The journey of the three Nigerian artworks
Two 16th-century brass plaques and a 14th-century brass head from the Kingdom of Benin (part of modern-day Nigeria) were taken from the Nigerian Royal Palace during British military occupation in 1897. From there the pieces were moved to the British Museum in London until 1950. The UK then decided to repatriate them.
And upon their return to the National Museum in Lagos, the artworks re-entered the art market where a private investor got his hands on them. He then donated the pieces to the Met in 1991, where they were exhibited.
Nigeria and the Met to start a collaboration
In a ceremony hosted on Monday, the Met and the Nigerian National Commission for Museums and Monuments (NCMM) entered into a collaboration. With this shared agreement they will collaborate on mutual loans of Benin objects and other “exchanges of expertise and art”.
At the ceremony, Max Hollein – director of the Met – and Abba Isa Tijani – director-general of the NCMM – signed the agreement. Tijani also congratulated the Met “for the transparency it has shown”.
“If other museums can do what the Met did, I think we would be able to give confidence to our audience, to our visitors,” said Professor Tijani. “The issue of repatriation is now at the heart of the people. People are looking at museums, particularly in Europe, and saying: these artifacts are not legally owned, are not their own. Yet they display these objects and take all the credit.”
Alhaji Lai Mohammed, Nigeria’s minister of information and culture, also commented on how other museums should “take a cue from this”.
Stolen works of arts being more and more returned
The new “trend” of stolen works of art in Africa by colonial armies being returned has started to spread across the Western world.

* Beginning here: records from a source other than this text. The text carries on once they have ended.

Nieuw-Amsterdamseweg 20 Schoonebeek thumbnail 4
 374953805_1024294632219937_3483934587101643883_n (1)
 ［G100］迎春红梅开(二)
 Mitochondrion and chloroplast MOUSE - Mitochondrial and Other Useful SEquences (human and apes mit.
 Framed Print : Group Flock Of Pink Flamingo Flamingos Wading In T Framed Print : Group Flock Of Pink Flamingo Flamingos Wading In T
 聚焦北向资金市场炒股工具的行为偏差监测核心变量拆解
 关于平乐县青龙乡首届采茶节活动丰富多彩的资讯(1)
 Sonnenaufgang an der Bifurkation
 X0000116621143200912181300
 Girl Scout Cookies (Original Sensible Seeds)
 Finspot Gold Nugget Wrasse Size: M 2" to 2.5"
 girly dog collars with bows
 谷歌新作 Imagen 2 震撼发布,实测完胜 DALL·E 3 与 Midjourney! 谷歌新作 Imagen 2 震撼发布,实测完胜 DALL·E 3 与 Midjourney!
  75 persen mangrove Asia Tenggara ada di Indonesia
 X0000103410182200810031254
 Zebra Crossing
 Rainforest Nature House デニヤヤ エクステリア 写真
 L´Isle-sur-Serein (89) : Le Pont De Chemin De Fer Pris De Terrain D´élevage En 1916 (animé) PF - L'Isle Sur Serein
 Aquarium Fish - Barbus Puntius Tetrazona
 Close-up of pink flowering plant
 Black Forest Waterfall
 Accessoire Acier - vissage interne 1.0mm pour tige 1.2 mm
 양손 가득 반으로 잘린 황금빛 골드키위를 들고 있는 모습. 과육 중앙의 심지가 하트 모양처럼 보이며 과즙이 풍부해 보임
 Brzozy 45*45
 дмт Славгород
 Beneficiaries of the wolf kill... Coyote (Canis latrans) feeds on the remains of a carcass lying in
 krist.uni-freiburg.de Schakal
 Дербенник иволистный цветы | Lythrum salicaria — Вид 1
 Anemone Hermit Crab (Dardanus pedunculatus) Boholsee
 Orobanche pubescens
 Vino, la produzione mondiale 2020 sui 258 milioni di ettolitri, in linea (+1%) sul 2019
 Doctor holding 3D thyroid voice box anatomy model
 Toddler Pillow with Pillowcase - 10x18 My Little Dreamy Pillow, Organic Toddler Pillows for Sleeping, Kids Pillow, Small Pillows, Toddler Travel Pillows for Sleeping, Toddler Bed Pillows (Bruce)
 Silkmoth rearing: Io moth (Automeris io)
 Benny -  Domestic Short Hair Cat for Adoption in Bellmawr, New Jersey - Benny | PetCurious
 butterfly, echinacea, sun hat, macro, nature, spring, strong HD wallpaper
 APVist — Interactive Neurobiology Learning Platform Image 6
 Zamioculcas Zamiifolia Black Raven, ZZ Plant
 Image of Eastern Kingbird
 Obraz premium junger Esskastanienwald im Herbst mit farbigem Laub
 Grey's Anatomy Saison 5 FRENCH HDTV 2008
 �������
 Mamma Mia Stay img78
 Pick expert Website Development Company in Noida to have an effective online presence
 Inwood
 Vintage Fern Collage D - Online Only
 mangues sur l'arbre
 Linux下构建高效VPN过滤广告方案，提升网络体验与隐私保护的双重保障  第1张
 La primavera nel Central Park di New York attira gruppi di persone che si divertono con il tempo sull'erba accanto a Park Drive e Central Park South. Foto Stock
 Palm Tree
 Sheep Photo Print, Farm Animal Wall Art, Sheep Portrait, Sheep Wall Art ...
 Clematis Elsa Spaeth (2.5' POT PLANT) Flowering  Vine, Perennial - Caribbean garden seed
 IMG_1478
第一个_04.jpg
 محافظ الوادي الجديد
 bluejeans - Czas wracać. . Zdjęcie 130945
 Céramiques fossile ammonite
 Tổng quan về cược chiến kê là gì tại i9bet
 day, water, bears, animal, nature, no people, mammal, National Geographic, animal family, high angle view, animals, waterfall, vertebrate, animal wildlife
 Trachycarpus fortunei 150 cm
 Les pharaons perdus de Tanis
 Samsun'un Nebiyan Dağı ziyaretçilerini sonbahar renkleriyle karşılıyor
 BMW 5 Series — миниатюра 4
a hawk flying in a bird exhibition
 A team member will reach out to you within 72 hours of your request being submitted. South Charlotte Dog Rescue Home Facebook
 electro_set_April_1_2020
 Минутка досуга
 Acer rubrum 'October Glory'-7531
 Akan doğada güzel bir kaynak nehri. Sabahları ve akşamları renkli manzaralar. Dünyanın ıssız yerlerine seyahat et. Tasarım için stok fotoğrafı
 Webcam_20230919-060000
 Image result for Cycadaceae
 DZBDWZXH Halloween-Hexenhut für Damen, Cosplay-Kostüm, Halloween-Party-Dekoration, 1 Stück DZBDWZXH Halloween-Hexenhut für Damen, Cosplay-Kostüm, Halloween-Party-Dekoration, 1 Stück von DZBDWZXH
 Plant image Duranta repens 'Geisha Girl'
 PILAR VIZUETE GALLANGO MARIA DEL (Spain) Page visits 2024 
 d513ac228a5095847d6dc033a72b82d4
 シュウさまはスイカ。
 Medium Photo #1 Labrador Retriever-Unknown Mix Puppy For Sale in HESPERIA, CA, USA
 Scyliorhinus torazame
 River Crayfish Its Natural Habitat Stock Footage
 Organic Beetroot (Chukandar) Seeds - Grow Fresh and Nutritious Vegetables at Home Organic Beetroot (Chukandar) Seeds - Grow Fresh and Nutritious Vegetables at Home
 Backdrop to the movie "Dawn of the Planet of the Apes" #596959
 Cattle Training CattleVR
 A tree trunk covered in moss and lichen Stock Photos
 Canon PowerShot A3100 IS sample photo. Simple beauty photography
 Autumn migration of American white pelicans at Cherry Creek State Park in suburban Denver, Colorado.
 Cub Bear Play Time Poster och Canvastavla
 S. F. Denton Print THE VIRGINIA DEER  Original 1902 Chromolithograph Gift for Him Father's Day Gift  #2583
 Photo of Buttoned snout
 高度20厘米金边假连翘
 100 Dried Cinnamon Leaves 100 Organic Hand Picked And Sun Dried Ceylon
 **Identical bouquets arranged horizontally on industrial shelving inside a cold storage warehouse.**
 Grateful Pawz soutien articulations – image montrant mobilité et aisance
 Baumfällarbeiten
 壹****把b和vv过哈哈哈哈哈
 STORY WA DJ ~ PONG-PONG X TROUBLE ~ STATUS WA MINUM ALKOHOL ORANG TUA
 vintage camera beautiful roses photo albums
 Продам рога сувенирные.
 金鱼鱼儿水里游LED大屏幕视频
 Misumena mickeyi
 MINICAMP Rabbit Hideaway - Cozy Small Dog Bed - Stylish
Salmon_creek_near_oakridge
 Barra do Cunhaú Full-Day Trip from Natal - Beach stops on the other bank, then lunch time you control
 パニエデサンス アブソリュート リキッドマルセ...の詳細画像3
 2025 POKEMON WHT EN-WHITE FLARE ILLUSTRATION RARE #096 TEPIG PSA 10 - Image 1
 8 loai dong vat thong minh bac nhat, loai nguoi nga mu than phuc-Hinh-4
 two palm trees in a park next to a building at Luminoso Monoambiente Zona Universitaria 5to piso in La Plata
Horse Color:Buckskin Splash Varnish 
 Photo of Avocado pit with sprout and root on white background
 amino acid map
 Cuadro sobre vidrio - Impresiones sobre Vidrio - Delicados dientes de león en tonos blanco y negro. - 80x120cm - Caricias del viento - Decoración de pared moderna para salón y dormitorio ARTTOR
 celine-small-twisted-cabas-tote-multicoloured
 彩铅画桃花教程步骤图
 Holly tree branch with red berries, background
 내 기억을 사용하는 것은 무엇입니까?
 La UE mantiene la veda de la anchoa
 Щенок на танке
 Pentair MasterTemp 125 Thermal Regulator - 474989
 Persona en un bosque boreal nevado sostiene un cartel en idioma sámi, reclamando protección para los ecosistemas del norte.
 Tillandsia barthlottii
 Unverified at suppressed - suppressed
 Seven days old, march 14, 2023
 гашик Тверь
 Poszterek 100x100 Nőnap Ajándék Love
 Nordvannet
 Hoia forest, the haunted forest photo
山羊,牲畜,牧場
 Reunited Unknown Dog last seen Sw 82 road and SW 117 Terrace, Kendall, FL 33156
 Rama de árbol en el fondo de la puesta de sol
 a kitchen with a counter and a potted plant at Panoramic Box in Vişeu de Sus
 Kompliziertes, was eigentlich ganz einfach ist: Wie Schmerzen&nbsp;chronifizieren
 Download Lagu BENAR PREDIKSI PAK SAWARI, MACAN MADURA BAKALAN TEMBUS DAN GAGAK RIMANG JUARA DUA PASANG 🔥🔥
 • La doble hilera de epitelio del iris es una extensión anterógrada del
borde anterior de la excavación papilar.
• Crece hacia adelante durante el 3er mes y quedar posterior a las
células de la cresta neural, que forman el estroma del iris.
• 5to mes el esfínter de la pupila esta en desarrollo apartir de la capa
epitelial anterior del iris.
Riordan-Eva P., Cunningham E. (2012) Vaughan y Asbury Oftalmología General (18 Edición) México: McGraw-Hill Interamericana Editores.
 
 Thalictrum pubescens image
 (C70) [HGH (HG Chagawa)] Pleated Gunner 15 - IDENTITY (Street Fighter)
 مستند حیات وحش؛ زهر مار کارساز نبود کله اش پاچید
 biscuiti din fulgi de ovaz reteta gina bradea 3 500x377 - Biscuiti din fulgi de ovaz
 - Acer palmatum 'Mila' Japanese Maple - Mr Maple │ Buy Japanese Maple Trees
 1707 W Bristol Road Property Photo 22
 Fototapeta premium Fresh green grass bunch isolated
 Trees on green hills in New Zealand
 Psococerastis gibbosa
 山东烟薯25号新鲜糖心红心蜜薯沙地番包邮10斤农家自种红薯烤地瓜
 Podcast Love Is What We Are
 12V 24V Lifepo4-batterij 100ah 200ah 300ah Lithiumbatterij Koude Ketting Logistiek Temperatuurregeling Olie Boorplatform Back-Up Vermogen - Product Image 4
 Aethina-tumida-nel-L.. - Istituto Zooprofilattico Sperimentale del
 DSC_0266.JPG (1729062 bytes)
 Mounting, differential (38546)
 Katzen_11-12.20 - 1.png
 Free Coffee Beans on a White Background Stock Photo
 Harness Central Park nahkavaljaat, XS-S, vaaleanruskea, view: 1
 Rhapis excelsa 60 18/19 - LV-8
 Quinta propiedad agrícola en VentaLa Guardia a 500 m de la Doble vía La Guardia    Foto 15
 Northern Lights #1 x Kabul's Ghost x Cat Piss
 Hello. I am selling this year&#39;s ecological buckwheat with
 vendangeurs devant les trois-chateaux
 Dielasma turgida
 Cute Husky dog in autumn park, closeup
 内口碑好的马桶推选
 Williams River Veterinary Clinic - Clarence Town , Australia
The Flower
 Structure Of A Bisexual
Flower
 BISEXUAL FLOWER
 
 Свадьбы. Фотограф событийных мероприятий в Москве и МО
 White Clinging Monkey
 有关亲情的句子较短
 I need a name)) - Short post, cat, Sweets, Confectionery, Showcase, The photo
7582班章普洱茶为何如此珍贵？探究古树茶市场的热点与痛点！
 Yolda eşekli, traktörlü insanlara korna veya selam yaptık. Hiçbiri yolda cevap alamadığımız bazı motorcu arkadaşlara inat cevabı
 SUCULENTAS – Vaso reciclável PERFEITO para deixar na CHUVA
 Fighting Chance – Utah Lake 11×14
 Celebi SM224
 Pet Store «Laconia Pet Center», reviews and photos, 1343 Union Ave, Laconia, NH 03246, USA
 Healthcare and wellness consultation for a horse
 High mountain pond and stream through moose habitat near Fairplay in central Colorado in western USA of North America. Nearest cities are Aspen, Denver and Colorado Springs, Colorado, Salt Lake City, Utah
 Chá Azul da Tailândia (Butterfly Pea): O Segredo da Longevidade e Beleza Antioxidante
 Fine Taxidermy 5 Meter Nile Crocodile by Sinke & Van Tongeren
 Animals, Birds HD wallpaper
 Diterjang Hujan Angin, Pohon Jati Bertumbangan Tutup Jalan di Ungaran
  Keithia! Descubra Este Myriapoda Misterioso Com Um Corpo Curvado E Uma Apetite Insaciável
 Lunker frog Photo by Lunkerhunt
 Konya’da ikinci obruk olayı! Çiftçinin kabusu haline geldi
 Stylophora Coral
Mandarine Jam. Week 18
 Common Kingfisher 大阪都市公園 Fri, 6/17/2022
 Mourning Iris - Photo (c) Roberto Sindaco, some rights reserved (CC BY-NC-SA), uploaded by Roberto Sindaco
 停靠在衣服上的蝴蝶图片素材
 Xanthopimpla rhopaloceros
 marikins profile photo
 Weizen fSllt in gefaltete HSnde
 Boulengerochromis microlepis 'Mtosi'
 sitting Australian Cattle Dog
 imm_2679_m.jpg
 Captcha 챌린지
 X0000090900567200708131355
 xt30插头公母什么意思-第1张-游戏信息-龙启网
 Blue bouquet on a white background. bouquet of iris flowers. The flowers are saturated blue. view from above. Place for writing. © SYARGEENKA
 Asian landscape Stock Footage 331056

Earlier in November, Paris handed back 26 pieces that were taken from Benin in colonial times. This return fulfilled a promise made by President Emmanuel Macron to restore “a lost part of Africa’s heritage“.
German museums have also agreed to work on a plan with Nigerian authorities to return looted Benin treasures. And the Horniman Museum in London has stated that it would “consider the repatriation of artifacts obtained by “colonial violence” to Nigeria”.
The British Museum started to face increasing criticism for its refusal to return artifacts to Nigeria and Egypt. However, in 2019 they helped to return more than 150 looted ancient treasures to Iraq and Afghanistan.